One of the most commonly employed calculating strategies and memory aids is regrouping or chunking. It is believed that most human calculators use this technique to some extent. Regrouping involves the synthesis of numbers and rewriting sequence of operations in terms of equivalent expressions. Chunking requires the association of equal values and expressions taken together, rather than singularly. Aitken used these techniques to aid his calculations. He did not begin to develop this skill until age 15, when he would continually practice until he acquired enough taxon memories that these calculations became easier and easier. For example, when Aiken was presented with the number 1961, he instantly saw a variety of ways of expressing it.

1961 = 37 x 53 = 44^2 + 5^2 = 40^2 + 19^2

By doing this, he was able to use the property of the smaller numbers and combine them to achieve the desired result. When asked to multiply 123 by 456, Aiken provided the following explanation.
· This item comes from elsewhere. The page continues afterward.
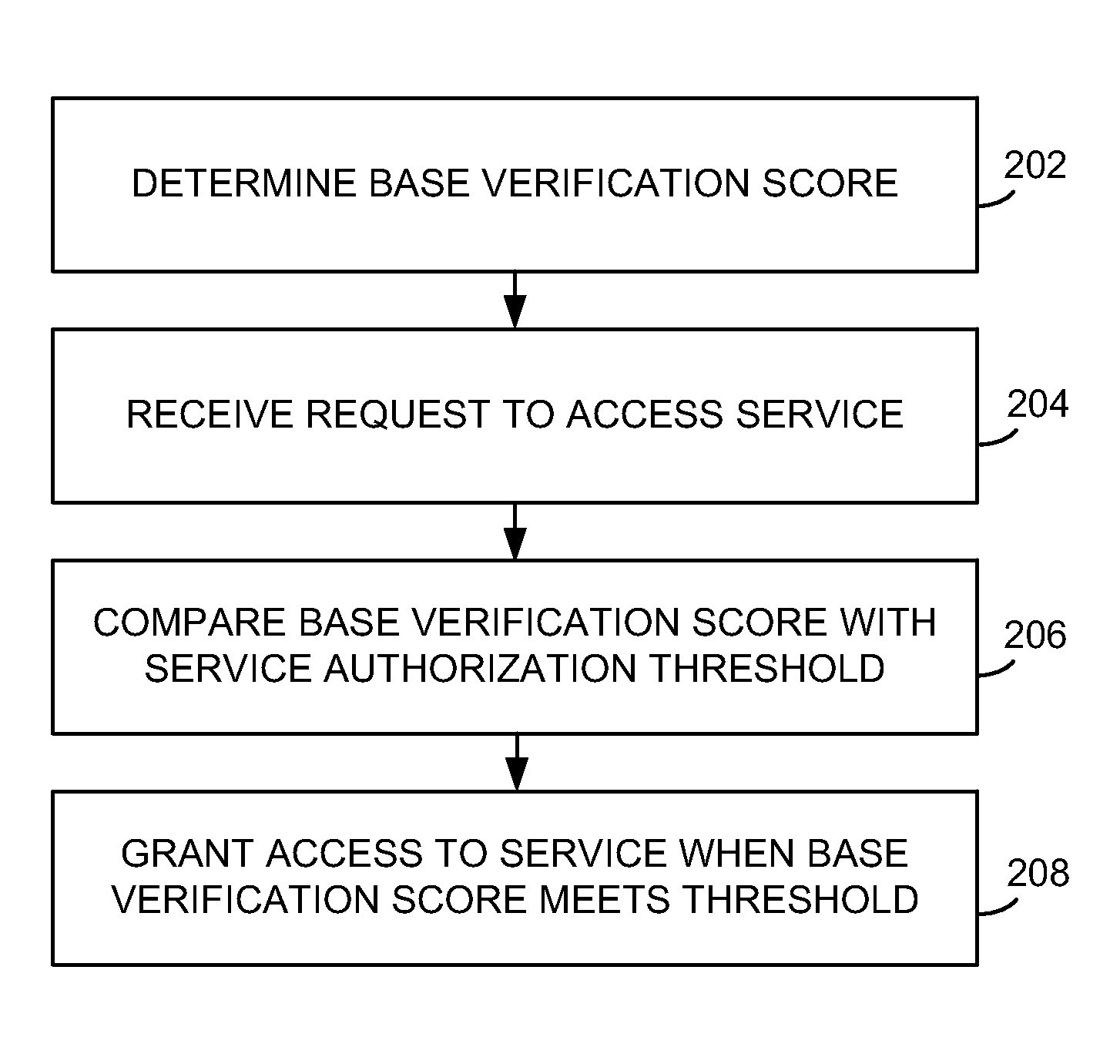 Systems and methods of verifying an authentication using dynamic scoring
I see at once that 123 times 45 is 5535 and that 123 times 6 is 738. Then 5535 plus 738 gives 56088. Even at the moment registering 56088, I have checked it by dividing it by 8, so 7001, and this by 9 gives 779. I recognize 779 as 41 by 19. And 41 by 3 is 123, while 19 by 24 is 456. A check, you see; and it passes by in about one second.

These types of algorithms provide insight into the shortcuts involved in mental calculations. Most students of mathematics rarely develop a memory for such sophisticated tasks. Some more common mathematical memory aides are those used in number sense competitions, such as divisibility by multiples of 3, multiplying by eleven, or squaring powers of five.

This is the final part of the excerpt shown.